Top of Records for the exercise

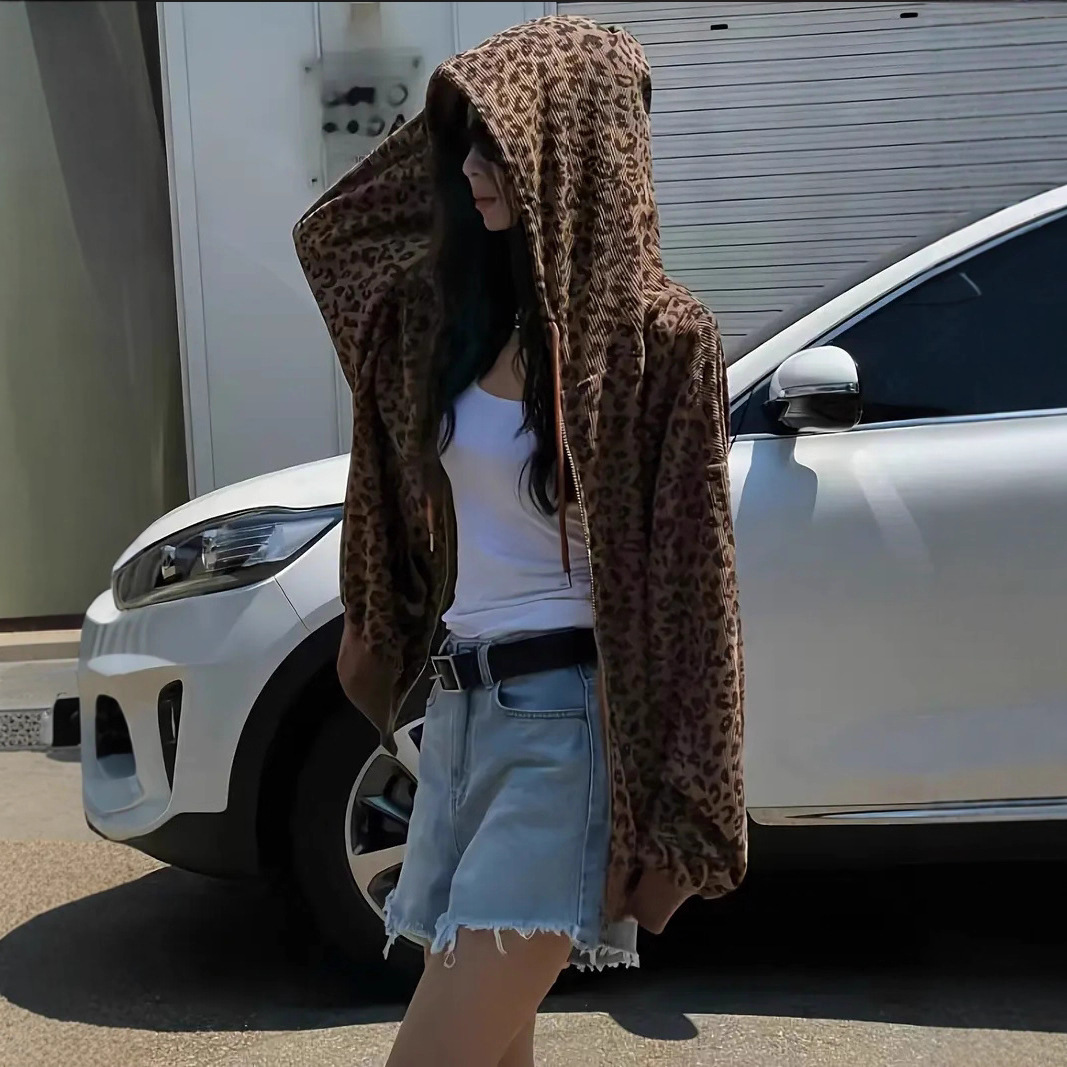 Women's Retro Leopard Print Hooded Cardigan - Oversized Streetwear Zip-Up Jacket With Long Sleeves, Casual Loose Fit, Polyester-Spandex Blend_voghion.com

Bottom of Records for the exercise
Top of Records for the exercise

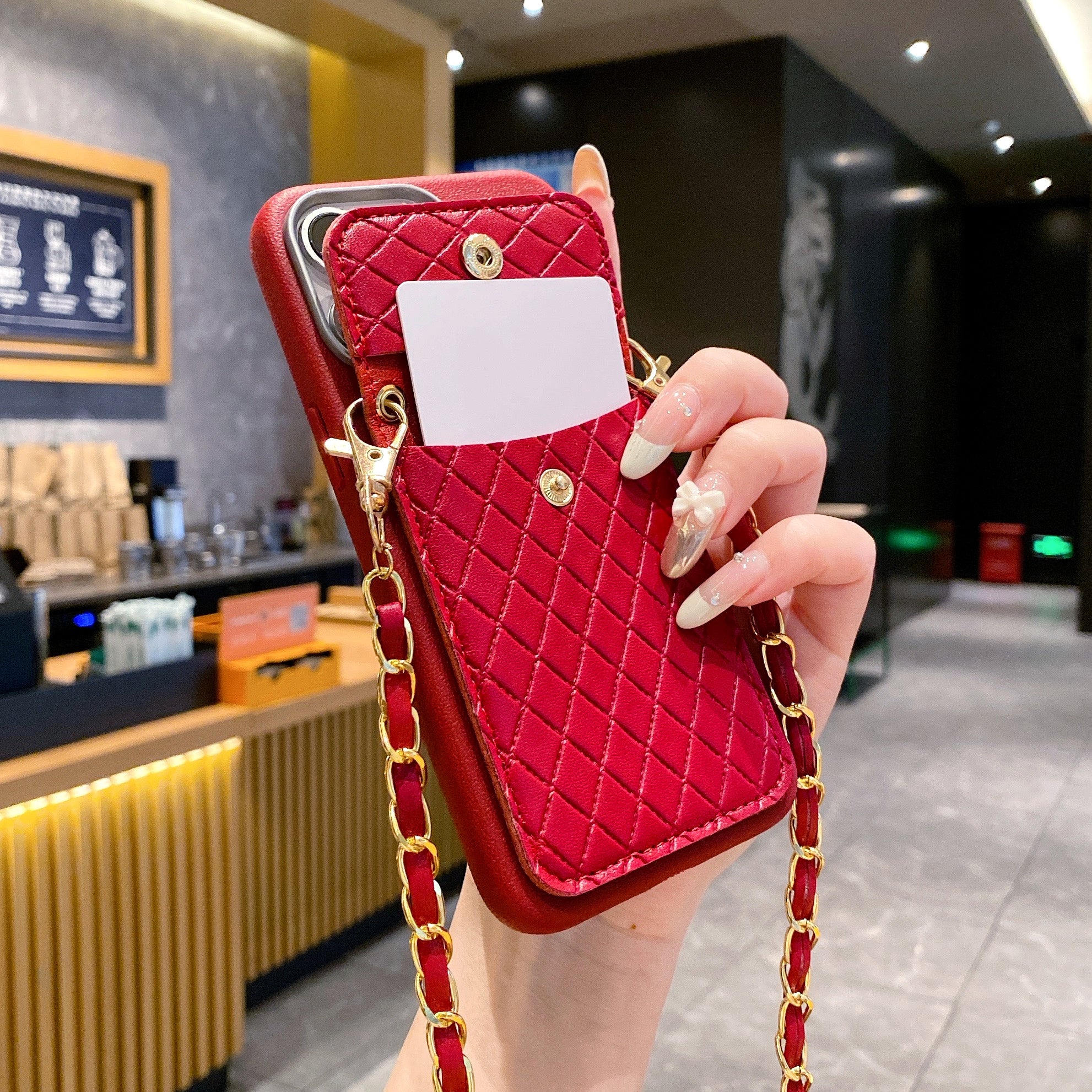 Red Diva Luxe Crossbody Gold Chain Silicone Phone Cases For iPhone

Bottom of Records for the exercise
Top of Records for the exercise

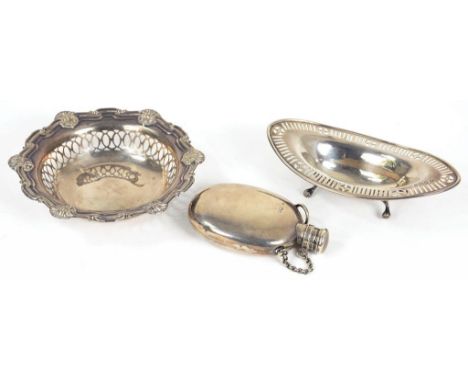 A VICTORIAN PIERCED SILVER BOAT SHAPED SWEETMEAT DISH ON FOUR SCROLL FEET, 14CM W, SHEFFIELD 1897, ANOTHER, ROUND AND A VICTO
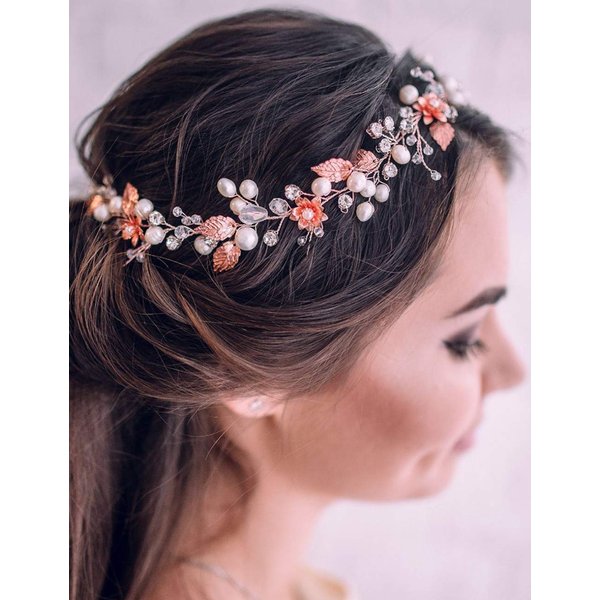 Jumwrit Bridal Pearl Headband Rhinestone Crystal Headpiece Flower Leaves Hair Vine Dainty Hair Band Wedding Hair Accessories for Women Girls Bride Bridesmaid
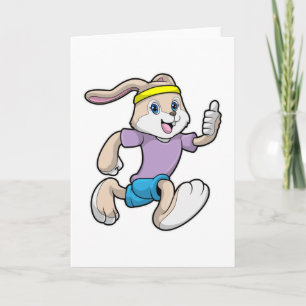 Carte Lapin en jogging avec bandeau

Bottom of Records for the exercise

— What this task involves —
Go down the entries above from the line containing "A VICTORIAN PIERCED" to the line containing "Carte Lapin en jogging avec bandeau" and write out each line exactly, leaving pictures out.

— Exercise answer —
 A VICTORIAN PIERCED SILVER BOAT SHAPED SWEETMEAT DISH ON FOUR SCROLL FEET, 14CM W, SHEFFIELD 1897, ANOTHER, ROUND AND A VICTO
 Jumwrit Bridal Pearl Headband Rhinestone Crystal Headpiece Flower Leaves Hair Vine Dainty Hair Band Wedding Hair Accessories for Women Girls Bride Bridesmaid
 Carte Lapin en jogging avec bandeau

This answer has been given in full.